Gravity Waves Detected
The “Chirp” Heard Round The Universe

By Silas Wheeler


In case you missed it, a while back two black holes collided and created ripples in the fabric of space–time known as gravity waves. Because “a while back” is about 1.3 billion years ago, it’s understandable if it slipped your mind. (Gravity waves are similar to the water waves made by a drunk spring breaker when he does cannonballs off the balcony into the motel swimming pool―unless he misses the pool. Then regular gravity comes into play.)

Meanwhile, here on Earth 1.3 billion years ago, multicellular organisms were just getting a foothold on the planet so naturally the black hole collision didn’t get much attention. Fast-forward to the year 1916 when a really smart multicellular organism named Albert Einstein theorized the existence of gravity waves. (If your last name is Einstein, that’s the sort of thing you have to do.)

Now, fast-forward to the year 2016. Scientists at a place called the Advanced Laser Interferometer Gravitational-Wave Observatory (LIGO) announced that they had detected gravity waves from the aforementioned collision, thus proving Einstein right again. Big surprise, that.
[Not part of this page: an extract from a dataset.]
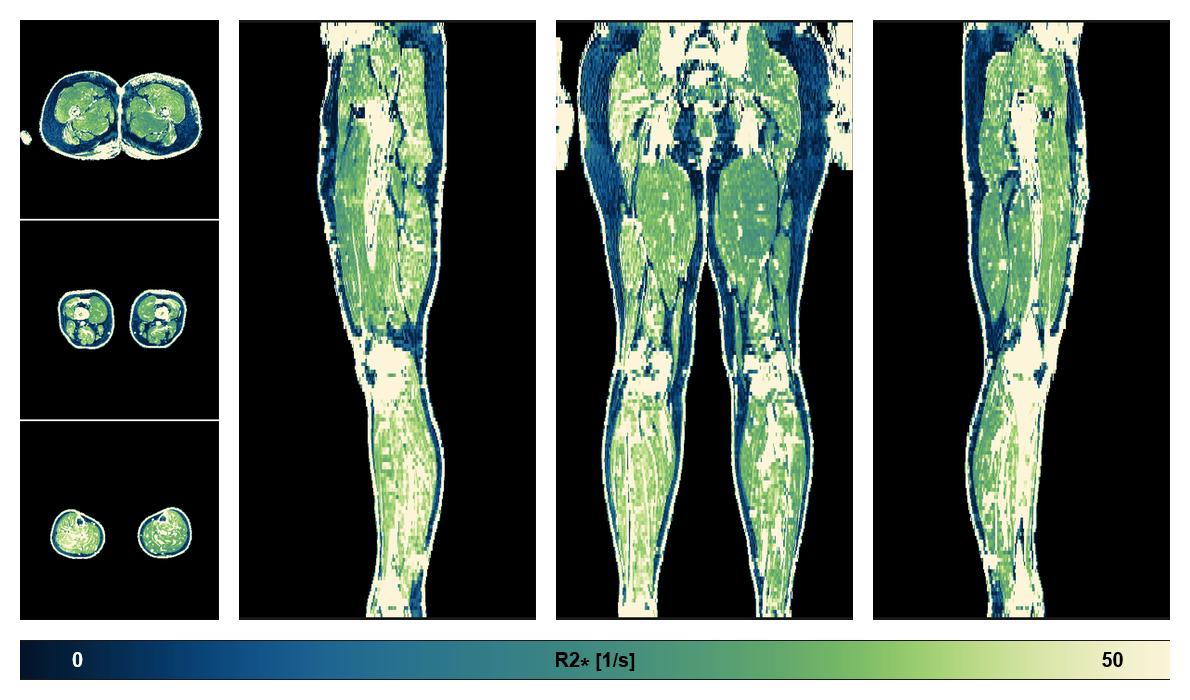 The R2 star relaxation time of the lower extremity obtained from the dixon reconstruction for muscle water fat quantification.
Physicists around the world hailed gravity wave detection as a major discovery, and insisted that it was certainly worth the cost―about $1.1 billion over the 40-year life of the project. Considering that the US government currently spends that much in less than three hours, it seems like a bargain.

“And what exactly did we taxpayers get for our money?” you might ask. We got a cosmic “chirp,” which is what the LIGO scientists called the audio rendition of the gravity waves. The chirp lasted for only a fraction of a second, but was enough to convince the scientists that they’d found what they were looking for.

You can listen to it here at two different frequencies:, although to me it sounds more like heavy breathing than chirping.

I know it seems like we didn’t get much from an expenditure of over a billion dollars, but if you replay it 20 times as I did, it comes out to about $50 million per chirp. That’s not bad for a government-funded project.